Avant de démarrer O3, tous les détecteurs du réseau, à savoir les deux interféromètres Advanced LIGO de Livingston et de Hanford aux États-Unis, et l’interféromètre Advanced Virgo de Cascina (Pise, Italie), ont connu une période d’améliorations très intense. Advanced Virgo a presque doublé sa sensibilité par rapport à la deuxième série d'observation (O2) qui s'est terminée en 2017.

« Depuis septembre 2017, Advanced Virgo a connu 18 mois de travail acharné pour améliorer sa sensibilité et sa résistance aux perturbations externes », explique Irène Fiori, physicienne à l'Observatoire européen de la gravitation (EGO à Cascina, Italie) et chargée des études sur le bruit environnemental de Virgo. «Ce fut un travail excellent, en collaboration avec des experts de nombreux domaines : faisceaux laser de haute qualité, alignements optiques ultra-fins, isolation sismique, compensation des défauts thermiques, etc. Et même pour la production de lumière comprimée ! »

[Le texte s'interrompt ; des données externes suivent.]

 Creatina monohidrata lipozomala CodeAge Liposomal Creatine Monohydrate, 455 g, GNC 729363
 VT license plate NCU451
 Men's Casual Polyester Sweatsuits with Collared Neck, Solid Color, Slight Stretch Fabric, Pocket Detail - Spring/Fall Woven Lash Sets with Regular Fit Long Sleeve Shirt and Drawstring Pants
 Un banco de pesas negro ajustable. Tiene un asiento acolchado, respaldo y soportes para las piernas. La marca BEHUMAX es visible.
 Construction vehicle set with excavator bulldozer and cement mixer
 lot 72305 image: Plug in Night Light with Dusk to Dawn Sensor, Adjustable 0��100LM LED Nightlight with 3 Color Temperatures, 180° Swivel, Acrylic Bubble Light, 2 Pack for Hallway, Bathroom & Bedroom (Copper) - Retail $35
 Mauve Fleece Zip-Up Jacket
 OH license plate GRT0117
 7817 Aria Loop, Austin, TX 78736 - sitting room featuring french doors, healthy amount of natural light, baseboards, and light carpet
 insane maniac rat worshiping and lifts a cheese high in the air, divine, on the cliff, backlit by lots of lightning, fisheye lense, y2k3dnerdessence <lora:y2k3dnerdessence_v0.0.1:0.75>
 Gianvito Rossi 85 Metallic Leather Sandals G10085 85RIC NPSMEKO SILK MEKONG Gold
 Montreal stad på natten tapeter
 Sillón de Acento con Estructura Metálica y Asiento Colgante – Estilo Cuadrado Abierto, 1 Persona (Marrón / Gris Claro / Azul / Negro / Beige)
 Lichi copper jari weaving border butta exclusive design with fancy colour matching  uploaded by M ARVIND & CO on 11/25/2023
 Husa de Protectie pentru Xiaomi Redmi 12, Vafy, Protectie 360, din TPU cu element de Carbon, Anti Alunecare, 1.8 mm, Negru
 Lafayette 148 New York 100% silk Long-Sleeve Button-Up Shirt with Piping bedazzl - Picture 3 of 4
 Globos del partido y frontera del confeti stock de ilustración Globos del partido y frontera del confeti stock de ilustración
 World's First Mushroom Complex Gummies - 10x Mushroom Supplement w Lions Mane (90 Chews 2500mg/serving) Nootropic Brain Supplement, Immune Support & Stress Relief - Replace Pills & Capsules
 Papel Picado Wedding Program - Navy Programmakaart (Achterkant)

En moyenne, Advanced Virgo peut maintenant observer de façon fiable la fusion d’un couple d’étoiles à neutrons à une distance de la Terre d’environ 160 millions d’années-lumière, et la fusion d’un couple de trous noirs à une distance d’environ 2 milliards d’années-lumière (pour des masses de trous noirs de 30 masses solaires). Actuellement, Advanced Virgo est le détecteur du réseau qui a consacré le plus de temps à l'observation de l'Univers : 90% de son temps a été passé en mode observation ; c’est un succès remarquable. Il n’a été limité que par des travaux de maintenance planifiés en coordination avec LIGO afin d’optimiser les performances du réseau, et par de fortes perturbations environnementales exceptionnelles. Ce cycle d'utilisation très élevé reflète la précision avec laquelle Advanced Virgo est contrôlé et la stabilité du bruit instrumental. Cela rend aussi Virgo plus susceptible de contribuer aux détections qui doivent encore se produire pendant O3.

« Dans la salle de contrôle de Virgo », ajoute Irène Fiori, « nous avons passé beaucoup de temps à travailler dur ensemble ou à de longues discussions scientifiques, et nous avons connu des sensations fortes. Chaque jour, on pouvait dire, à l'humeur des gens, si Virgo progressait ou était bloqué. Et puis, le 1er avril, lorsque nous avons commencé O3 avec LIGO, nous avons eu l'immense  joie d’avoir atteint une sensibilité double de celle de 2017. « Nous l’avons fait ! » a-t-on tous crié. Maintenant, chaque fois que nous récoltons un nouveau signal, c’est une satisfaction renouvelée.»

Le cycle d'utilisation très élevé d’Advanced Virgo, combiné à la distance qui le sépare des deux interféromètres Advanced LIGO et son orientation différente, accroît les capacités de localisation des sources d’ondes gravitationnelles dans le ciel et la bonne compréhension des caractéristiques des signaux. En effet, une bonne localisation dans le ciel est le facteur clé d’une campagne d'observations électromagnétiques réussie, et de la richesse des résultats scientifiques en découlant.

De nombreuses détections sont attendues, puisque Advanced LIGO et Advanced Virgo poursuivent leurs observations pendant toute l’année que doit durer O3 : d’avantage de fusions de couples de trous noirs et d’étoiles à neutrons, et espérons-le aussi, de nouveaux signaux gravitationnels émis par d’autres types de systèmes astrophysiques. Les programmes en temps réel qui scannent très vite les signaux au moment leur acquisition, et les analyses hors ligne qui traitent ensuite de grandes quantités de données correspondant à toutes les informations collectées, vont continuer la recherche des signaux gravitationnels, attendus ou non.